Two pools with the largest man-made waterfalls in the United States cascading down their sides are located within the footprints of the Twin Towers. Each pool is 1-acre (4,000 m2), and together they are intended to symbolize the loss of life and the physical void left by the terrorist attacks. The sound of the water falling is supposed to drown out the sounds of the city, making the site a contemplative sanctuary. Almost 400 sweet gum and swamp white oak trees fill the remaining 6 acres (24,000 m2) of the Memorial Plaza, furthering the reflective nature of the site.
In addition, cutting-edge pedestrian simulations were conducted to test the design of the memorial site. The pedestrian modeling software Legion was used to simulate how visitors would utilize the space, and the design was subsequently tweaked to prevent potential bottlenecks.
Arrangement of the Victims’ Names
The names of 2,983 victims are inscribed on 76 bronze plates attached to the parapet walls which form the edges of the Memorial pools. This includes the names of 2,977 victims who were killed in the September 11 attacks in New York City, Arlington, VA, and Pennsylvania, as well as the names of six victims who were killed in the February 1993 World Trade Center bombing.

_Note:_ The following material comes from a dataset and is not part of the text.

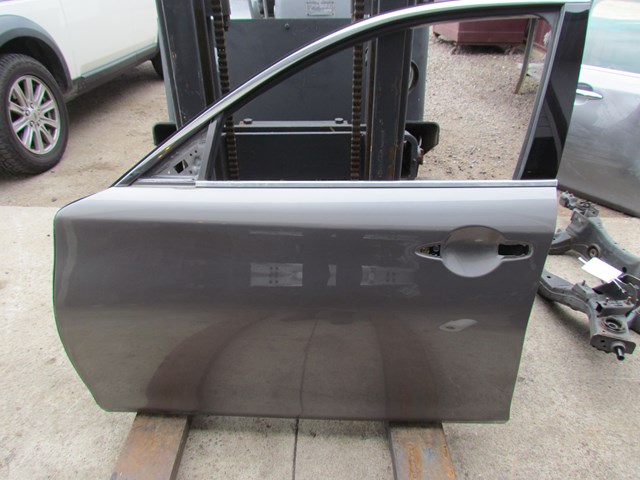 2012 Infiniti M37x M37 Front LH Driver Door Shell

The names are arranged according to a process and algorithm which was used to create “meaningful adjacencies,” based on “relationship” details which include proximity at the time of the attacks, company or organization affiliations for those who worked at the World Trade Center or Pentagon, and approximately 1,200 requests from family members. Software developed by Local Projects was used to implement this arrangement.
As a result of this process, the names of the victims who were in the North Tower (WTC 1); passengers or crew of American Airlines Flight 11 (which hit the North Tower) and victims of the 1993 World Trade Center bombing are located around the perimeter of the North Pool. The names of the victims who were in the South Tower (WTC 2); passengers or crew of United Airlines Flight 175 (which hit the South Tower); victims who were in the immediate vicinity of the Twin Towers; first responders who died during rescue operations; passengers or crew of United Airlines Flight 93 (which crashed near Shanksville, Pennsylvania) and American Airlines Flight 77 (which hit the Pentagon); and the victims who were at the Pentagon are located around the perimeter of the South Pool. It was decided that the names of companies would not be included. However, company employees and their visitors are listed together. Passengers of the four flights are listed together under their flight numbers, and first responders are listed together with their units.
The process for arranging names was finalized in an agreement reached in 2006, and replaced an earlier plan to arrange the names randomly. According to Edith Lutnick (Executive Director of the Cantor Fitzgerald Relief Fund), “your loved ones’ names are surrounded by the names of those they sat with, those they worked with, those they lived with and, very possibly, those they died with.”
Honoring the Victims: Moments of Silence
8:46a ET – Honoring those who lost their lives when American Airlines Flight 11 crashed into the World Trade Center’s North Tower.
9:03a ET – Honoring those who lost their lives when United Airlines Flight 175 crashed into the World Trade Center’s South Tower.
9:37a ET – Honoring those who lost their lives when American Airlines Flight 77 crashed into the Pentagon.
9:59a ET – Honoring those who lost their lives when the South Tower of the World Trade Center collapsed.
10:03a ET – Honoring those who lost their lives when United Flight 93 crashed near Shanksville, Pennsylvania.
10:28a ET – Honoring those who lost their lives when the North Tower of the World Trade Center collapsed.
Toll bells on September 11 at 8:46 a.m. or at each of the times listed above.
The 9/11 Memorial Guide allows users to select specific names to be read aloud. Readings may include names from a certain town or state, or may focus on a specific company or first responder agency.